In the corporate head offices of local oil and natural gas producers, annoyed executives of other pipeline operators are denouncing this latest Nova experiment. They fear that Premier Peter Lougheed, in his eagerness to court the rural vote at his crucial time, will in the end compel them to yield major fiscal concessions to Alberta farmers and ranchers.

Nova, formerly Alberta Gas Truck Line Company Ltd., an investor-owned company with a provincial charter to be the exclusive shipper of all the gas produced within the province, is now a fast-growing conglomerate already into manufacturing, petrochemicals, and alternative energy projects. Its extramural activities in fact are the results of moving some 6 billion cubic feet of gas per day.

Alberta landowners, long critical of the petroleum industry's modus operandim on their properties, are suddendly imbued with the apparent success of their three-year campaign to win a better deal for the inconveniences suffered under rights of access and easement regulations. In fact, the more militant among them are already talking about getting a "piece of the action" in the form of a share of the wellhead revenues, too.

The petroleum industry in general, convinced that Nova is simply obliging the Alberta government by resolving a complex and controversial issue, is opposed to the idea of annual charges on subterranean transmission facilities.

Although the extra sum is less than one-third of a cent per thousand cubic feet of gas or oil moved, the Canadian Petroleum Association says that what is at stake is the principle of signed and sealed agreements negotiated in the past in good faith. Besides, producers claim, Nova can easily afford to be cavalier with its money.

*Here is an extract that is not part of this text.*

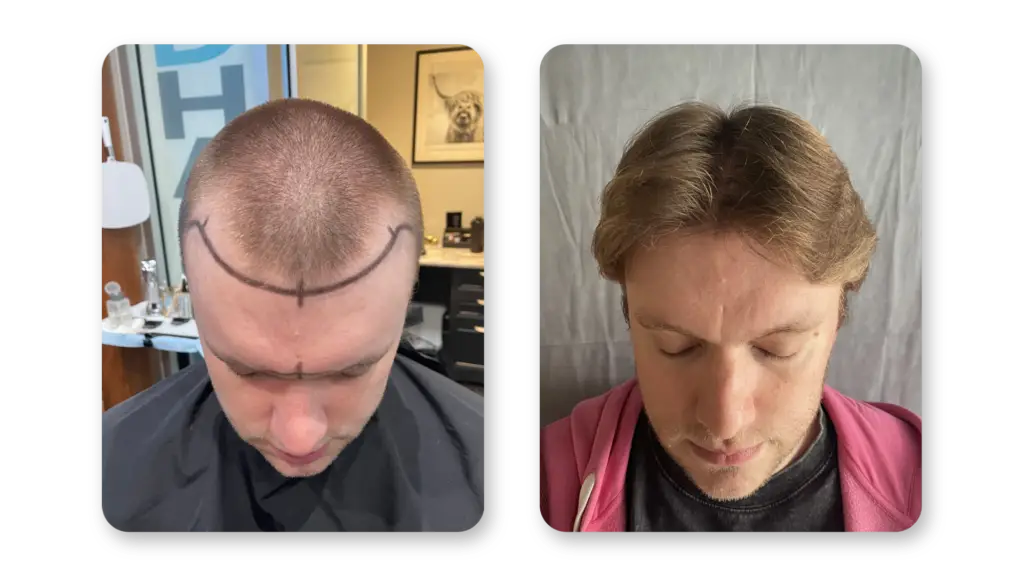9 Months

That largess can simply be counted as part of the cost of doing business, and can be charged against the wellheads. In turn, of course, such a deft maneuver lowers the producers' returns.

"We are sharing our pennies with quite a few parties as it is," an irate oilman exclaimed. But Nova, an old hand at reading the political winds, incorporated a clever proviso into its conditions for the lease proposals. For them to be effective, it required a federal-provincial energy pricing agreement. Such a deal eluded Ottawa and Alberta officials for the past two years, but was finally settled this week. It will permit Canadian oil prices to rise in stages to as high as $57.75 a barrel in Canadian currency by July 1, 1986. It prohibits the price from exceeding 75 per cent of the world price. Canadian oil is now priced at $18.75 a barrel in Canadian dollars, or $15.76 in American dollars. The price charged by members of OPEC ranges from $32 to $36 a barrel.

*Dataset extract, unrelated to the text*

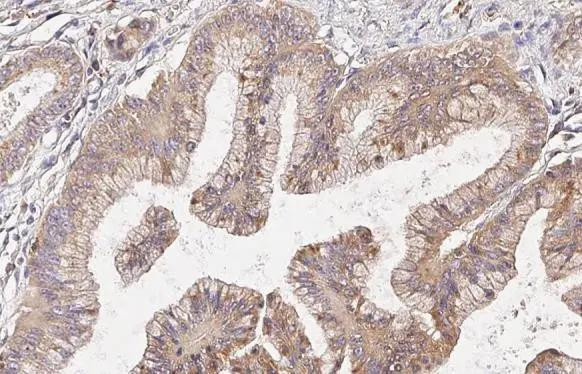 Cathepsin S Antibody in Immunohistochemistry (Paraffin) (IHC (P))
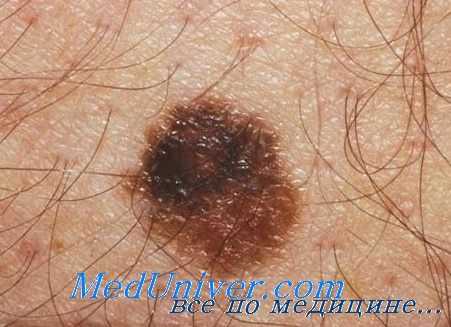 диспластический невус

The Nova deal with the farmers, it was figured here, put pressure on the Alberta government, hoping to lock up the farm vote, to reach an acceptable deal with Ottawa.

Lougheed is thinking about a provincial election as early as next spring to win a strong mandate on an energy jurisdiction platform with which to confront Ottawa over revenue-sharing and ownership issues. The Nova proposal -- to take effect retroactively Nov. 6, 1980 -- would initially be worth only between $7 million and $15 million (Canadian) annually, depending on how persuasive the government chose to be. But critics of the lease arrangements claim they are "seeing just the thin edge of the wedge," with a lot more "soaking of a more expensive kind" to follow later.

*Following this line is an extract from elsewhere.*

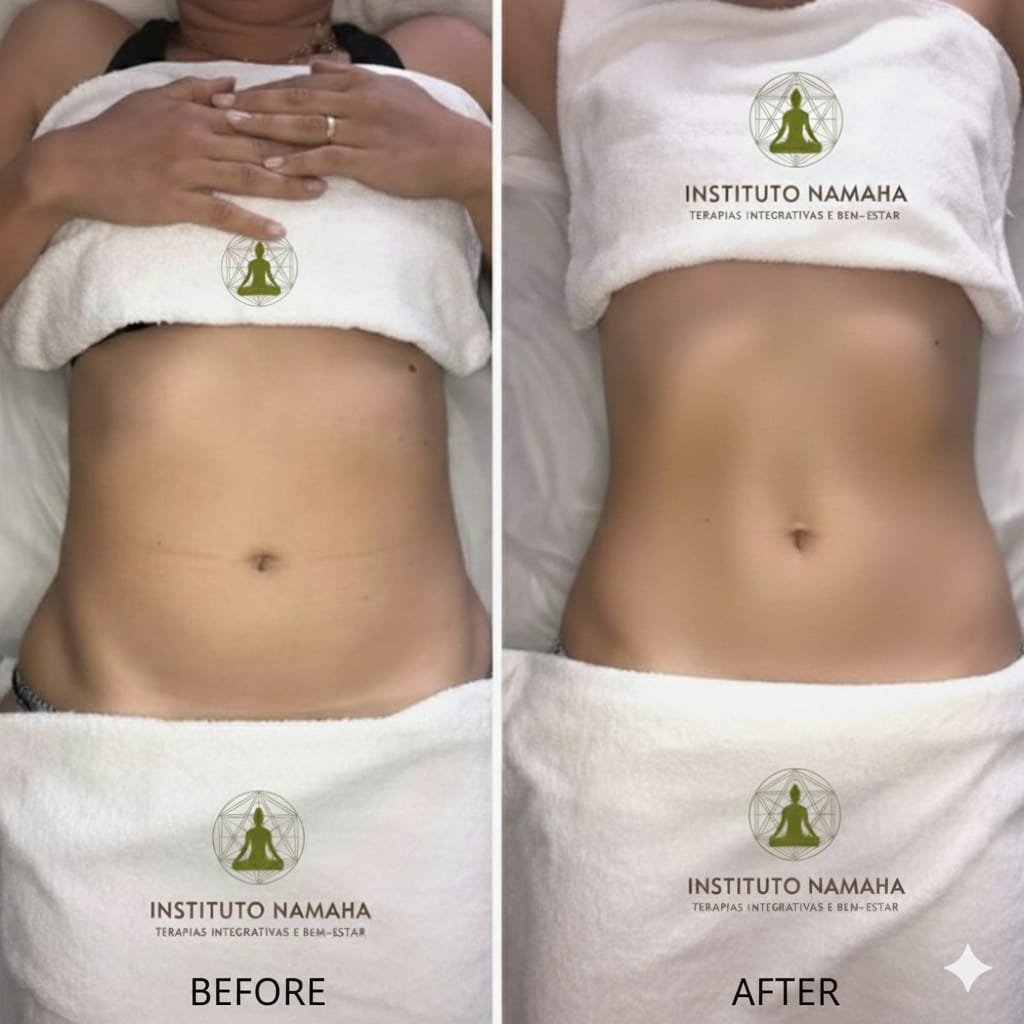 Protocolo Seca Barriga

They point to the Nova promise to reevaluate lands traversed by their network every five years. The annual dues will payable on half of the assessed market value. Legislation possibly stemming from the findings of a current select committee of the Alberta legislature could be enacted in a hurry to counter industry reluctance.

The impressions of political hanky-panky by the Alberta government, using Nova as a surrogate, may be quite hard to erase. "We know it smells of politics and that the government can make it stick," a Canadian Petroleum Association spokesman lamented. But that still "doesn't make it right, and that's why we will oppose it," he added.

In the meantime, contrary to past experience, Alberta agricultural land will fetch a bonus at auctions when honeycombed by steel pipe. Farmers believe that it's merely a matter of time before the rest of the industry follows the Nova lead, as usual.